Entscheidungsstichwort (Thema)

Unzulässigkeit des Nachweises eines den festgestellten Grundbesitzwert unterschreitenden gemeinen Werts eines unbebauten Grundstücks durch ein nicht von den Bodenrichtwerten zum 1.1.1996 ausgehendes Gutachten

 

Leitsatz (redaktionell)

Der nach § 145 Abs. 3 Satz 3 BewG (in der vor dem 1.1.2007 gültigen Fassung) mögliche Nachweis eines niedrigeren gemeinen Werts eines unbebauten Grundstücks kann für einen vor dem 1.1.2007 liegenden Bewertungsstichtag nicht durch ein Sachverständigengutachten erbracht werden, das nicht von den maßgeblichen Bodenrichtwerten zum 1.1.1996, sondern von den niedrigeren Bodenrichtwerten am Bewertungsstichtag (im Streitfall: 31.12.1998) ausgeht.

 

Normenkette

BewG 1991 § 138 Abs. 1 S. 2, Abs. 3-4, § 145 Abs. 3 Sätze 1-3, § 9 Abs. 2 S. 1; ErbStG § 9 Abs. 1 Nr. 1; AO § 38; WertV §§ 7, 13

 

Nachgehend

BFH (Urteil vom 05.05.2010; Aktenzeichen II R 25/09)
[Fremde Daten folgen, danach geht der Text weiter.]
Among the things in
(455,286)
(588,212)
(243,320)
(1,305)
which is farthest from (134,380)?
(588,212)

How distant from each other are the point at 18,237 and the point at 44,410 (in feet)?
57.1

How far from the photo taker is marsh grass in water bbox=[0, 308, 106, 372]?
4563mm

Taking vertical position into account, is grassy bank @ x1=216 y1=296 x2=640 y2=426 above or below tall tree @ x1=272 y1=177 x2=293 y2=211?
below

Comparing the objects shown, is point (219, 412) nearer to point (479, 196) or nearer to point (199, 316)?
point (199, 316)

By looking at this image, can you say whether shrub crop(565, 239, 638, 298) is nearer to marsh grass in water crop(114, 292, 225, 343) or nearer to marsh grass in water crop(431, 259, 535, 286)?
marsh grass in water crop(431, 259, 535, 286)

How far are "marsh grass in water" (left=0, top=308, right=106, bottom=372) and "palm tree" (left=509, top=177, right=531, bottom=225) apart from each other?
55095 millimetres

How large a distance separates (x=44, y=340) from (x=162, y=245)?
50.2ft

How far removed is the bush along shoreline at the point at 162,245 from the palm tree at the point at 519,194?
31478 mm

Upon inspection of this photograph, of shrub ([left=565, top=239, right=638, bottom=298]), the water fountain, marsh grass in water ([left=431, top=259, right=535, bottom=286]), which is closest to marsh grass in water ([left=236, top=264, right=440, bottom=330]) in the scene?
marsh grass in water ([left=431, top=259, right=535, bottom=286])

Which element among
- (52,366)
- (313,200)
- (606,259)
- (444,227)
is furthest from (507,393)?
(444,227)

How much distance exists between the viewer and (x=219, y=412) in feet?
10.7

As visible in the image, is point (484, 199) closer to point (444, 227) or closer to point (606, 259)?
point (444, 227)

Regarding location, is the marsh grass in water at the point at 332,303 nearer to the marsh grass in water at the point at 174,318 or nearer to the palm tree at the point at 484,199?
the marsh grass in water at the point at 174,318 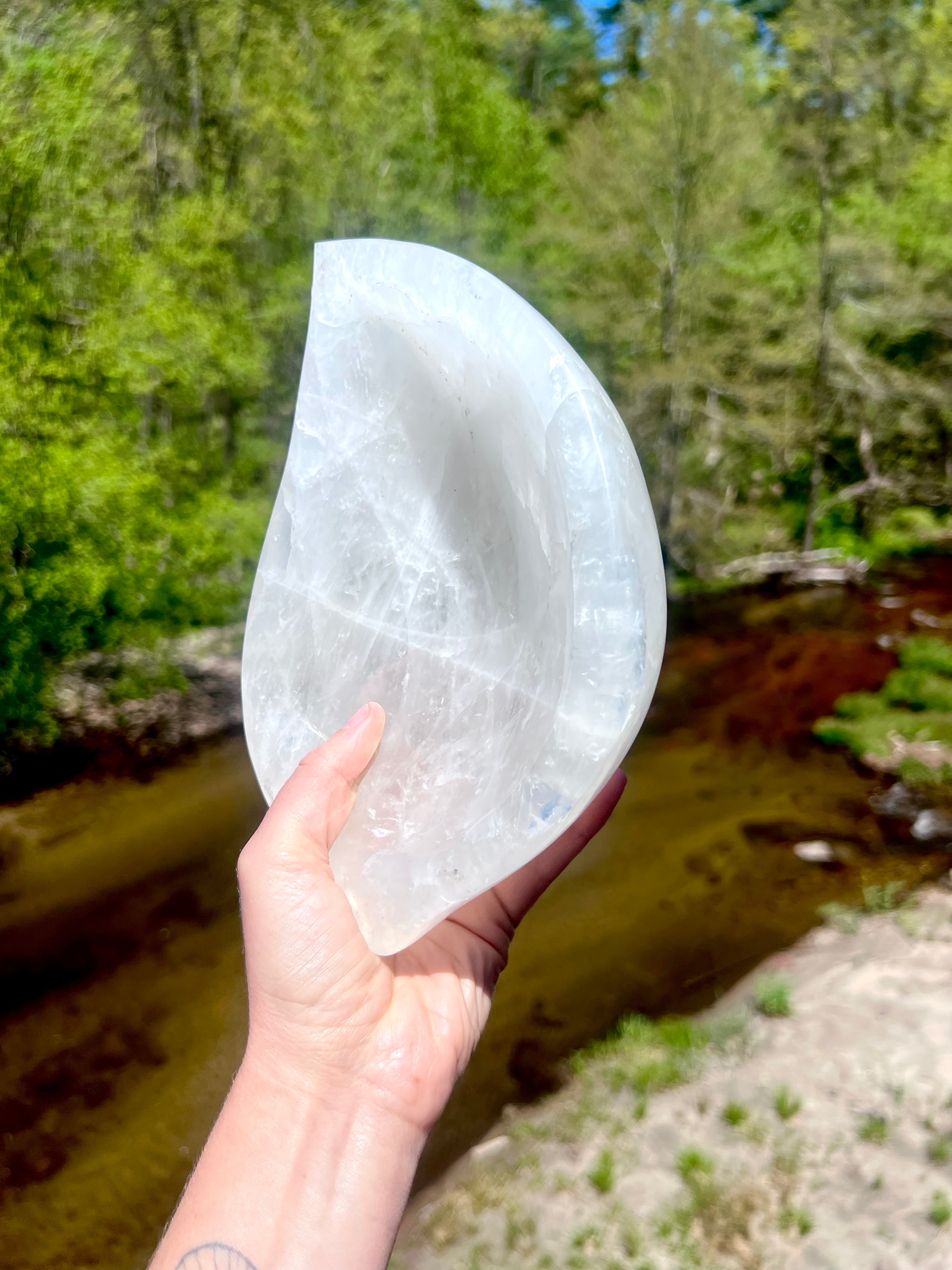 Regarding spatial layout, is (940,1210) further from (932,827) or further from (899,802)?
(899,802)

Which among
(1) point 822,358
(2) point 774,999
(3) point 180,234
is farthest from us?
(1) point 822,358

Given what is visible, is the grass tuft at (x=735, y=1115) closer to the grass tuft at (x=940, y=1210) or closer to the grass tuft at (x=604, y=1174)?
the grass tuft at (x=604, y=1174)

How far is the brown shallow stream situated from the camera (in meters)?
3.65

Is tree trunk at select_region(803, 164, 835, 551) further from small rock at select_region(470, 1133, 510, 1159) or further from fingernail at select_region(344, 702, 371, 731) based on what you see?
fingernail at select_region(344, 702, 371, 731)

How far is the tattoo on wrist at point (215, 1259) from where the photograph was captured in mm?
1157

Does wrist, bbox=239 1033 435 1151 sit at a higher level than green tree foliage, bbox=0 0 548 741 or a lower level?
lower

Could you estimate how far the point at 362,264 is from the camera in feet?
5.12

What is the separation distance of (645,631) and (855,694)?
6.39 m

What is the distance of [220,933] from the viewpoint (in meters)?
4.81

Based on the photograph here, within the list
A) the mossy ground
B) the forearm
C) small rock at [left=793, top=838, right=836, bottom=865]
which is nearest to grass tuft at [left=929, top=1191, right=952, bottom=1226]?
the forearm

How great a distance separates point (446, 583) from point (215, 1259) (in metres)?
1.10

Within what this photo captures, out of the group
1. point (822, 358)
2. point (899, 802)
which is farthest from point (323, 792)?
point (822, 358)

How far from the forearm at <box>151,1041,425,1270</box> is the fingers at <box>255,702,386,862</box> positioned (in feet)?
1.13

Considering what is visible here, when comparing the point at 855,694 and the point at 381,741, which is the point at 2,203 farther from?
the point at 855,694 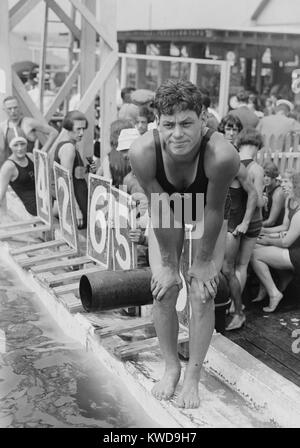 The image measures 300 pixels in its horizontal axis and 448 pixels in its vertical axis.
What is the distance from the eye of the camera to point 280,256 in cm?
525

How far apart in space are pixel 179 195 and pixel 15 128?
478 centimetres

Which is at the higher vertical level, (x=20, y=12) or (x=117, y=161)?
(x=20, y=12)

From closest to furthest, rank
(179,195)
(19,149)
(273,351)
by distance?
(179,195)
(273,351)
(19,149)

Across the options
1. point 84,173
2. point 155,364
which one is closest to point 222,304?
point 155,364

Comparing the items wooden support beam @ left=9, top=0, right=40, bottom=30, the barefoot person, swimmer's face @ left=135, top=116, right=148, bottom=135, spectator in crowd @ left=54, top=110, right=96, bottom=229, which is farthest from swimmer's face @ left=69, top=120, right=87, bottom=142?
the barefoot person

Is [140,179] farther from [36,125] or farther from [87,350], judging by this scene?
[36,125]

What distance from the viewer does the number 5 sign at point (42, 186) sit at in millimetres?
6457

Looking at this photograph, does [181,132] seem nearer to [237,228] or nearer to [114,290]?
[114,290]

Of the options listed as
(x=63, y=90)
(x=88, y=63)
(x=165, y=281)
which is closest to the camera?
(x=165, y=281)

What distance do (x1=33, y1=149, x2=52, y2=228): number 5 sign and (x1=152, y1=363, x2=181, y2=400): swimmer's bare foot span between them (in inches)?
130

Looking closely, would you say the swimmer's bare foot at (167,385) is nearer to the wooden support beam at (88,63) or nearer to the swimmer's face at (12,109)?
the swimmer's face at (12,109)

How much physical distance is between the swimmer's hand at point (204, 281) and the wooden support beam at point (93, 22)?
535 centimetres

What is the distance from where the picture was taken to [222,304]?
4246 millimetres

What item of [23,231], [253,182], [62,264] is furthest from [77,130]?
[253,182]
BFH (Beschluss vom 30.03.2009; Aktenzeichen II B 168/08)

 

Tenor

Die Klage wird abgewiesen.

Die Kosten des Verfahrens hat die Klägerin zu tragen.

 

Tatbestand

Streitig ist der Grundbesitzwert eines unbebauten Grundstücks.

Durch Erbfall nach ihrem am 8. August 1999 verstorbenen Ehemann erwarb die Klägerin einen Anteil zu 25 v.H. an einer Gesellschaft bürgerlichen Rechts, die das unbebaute Grundstück in S., Flur …, Flurstücke Nr. … hält.

Der Beklagte erließ am 23. Mai 2001 einen Bescheid über die gesonderte Feststellung des Grundstückwerts zum 8. August 1999 für das Flurstück … (Az. …) und einen für die Flurstücke … und … (Az. …). Abweichend von der Steuererklärung der Klägerin nahm er einen Bodenrichtwert von 30 DM pro Quadratmeter an.

Den Einspruch zum Az. … wies der Beklagte zurück.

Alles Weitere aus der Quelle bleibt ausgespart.